--- Source material Enclosed Below ---
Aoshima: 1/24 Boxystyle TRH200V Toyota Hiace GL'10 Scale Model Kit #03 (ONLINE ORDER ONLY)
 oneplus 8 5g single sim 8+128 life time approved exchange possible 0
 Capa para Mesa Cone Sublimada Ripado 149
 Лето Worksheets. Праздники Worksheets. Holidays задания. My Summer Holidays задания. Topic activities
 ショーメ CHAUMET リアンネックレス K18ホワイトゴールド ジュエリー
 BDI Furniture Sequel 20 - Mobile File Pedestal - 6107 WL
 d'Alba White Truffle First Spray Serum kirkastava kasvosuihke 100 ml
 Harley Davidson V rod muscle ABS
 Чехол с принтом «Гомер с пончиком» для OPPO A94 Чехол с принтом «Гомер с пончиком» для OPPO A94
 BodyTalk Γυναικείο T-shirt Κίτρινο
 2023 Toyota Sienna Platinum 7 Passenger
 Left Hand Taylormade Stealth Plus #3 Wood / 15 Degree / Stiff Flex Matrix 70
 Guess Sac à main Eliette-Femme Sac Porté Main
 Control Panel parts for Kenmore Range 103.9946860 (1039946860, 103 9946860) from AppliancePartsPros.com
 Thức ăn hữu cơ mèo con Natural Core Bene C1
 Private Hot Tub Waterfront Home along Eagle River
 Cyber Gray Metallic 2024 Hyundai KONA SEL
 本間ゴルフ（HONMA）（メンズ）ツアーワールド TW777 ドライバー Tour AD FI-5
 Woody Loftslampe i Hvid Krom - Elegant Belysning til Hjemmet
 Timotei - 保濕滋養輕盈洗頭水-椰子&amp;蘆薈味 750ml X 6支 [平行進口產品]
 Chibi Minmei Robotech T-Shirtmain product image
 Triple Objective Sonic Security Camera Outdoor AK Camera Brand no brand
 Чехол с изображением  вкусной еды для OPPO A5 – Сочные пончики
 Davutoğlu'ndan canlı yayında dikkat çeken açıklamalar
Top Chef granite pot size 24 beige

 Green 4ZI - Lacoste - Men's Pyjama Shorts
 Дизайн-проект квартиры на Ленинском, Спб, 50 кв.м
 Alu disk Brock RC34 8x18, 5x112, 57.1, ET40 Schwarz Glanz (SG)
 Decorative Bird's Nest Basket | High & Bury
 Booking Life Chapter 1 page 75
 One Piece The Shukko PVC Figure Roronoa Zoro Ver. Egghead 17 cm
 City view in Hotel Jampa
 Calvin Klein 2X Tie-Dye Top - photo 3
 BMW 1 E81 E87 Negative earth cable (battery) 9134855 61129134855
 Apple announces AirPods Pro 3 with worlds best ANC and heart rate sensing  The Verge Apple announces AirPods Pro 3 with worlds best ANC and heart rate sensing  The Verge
--- End of Enclosed Source material ---
> Exercise brief:
Starting from the line with "Дизайн-проект квартиры на" and ending with the final line of the data, quote every line exactly, both ends included.

> Finished task:
 Дизайн-проект квартиры на Ленинском, Спб, 50 кв.м
 Alu disk Brock RC34 8x18, 5x112, 57.1, ET40 Schwarz Glanz (SG)
 Decorative Bird's Nest Basket | High & Bury
 Booking Life Chapter 1 page 75
 One Piece The Shukko PVC Figure Roronoa Zoro Ver. Egghead 17 cm
 City view in Hotel Jampa
 Calvin Klein 2X Tie-Dye Top - photo 3
 BMW 1 E81 E87 Negative earth cable (battery) 9134855 61129134855
 Apple announces AirPods Pro 3 with worlds best ANC and heart rate sensing  The Verge Apple announces AirPods Pro 3 with worlds best ANC and heart rate sensing  The Verge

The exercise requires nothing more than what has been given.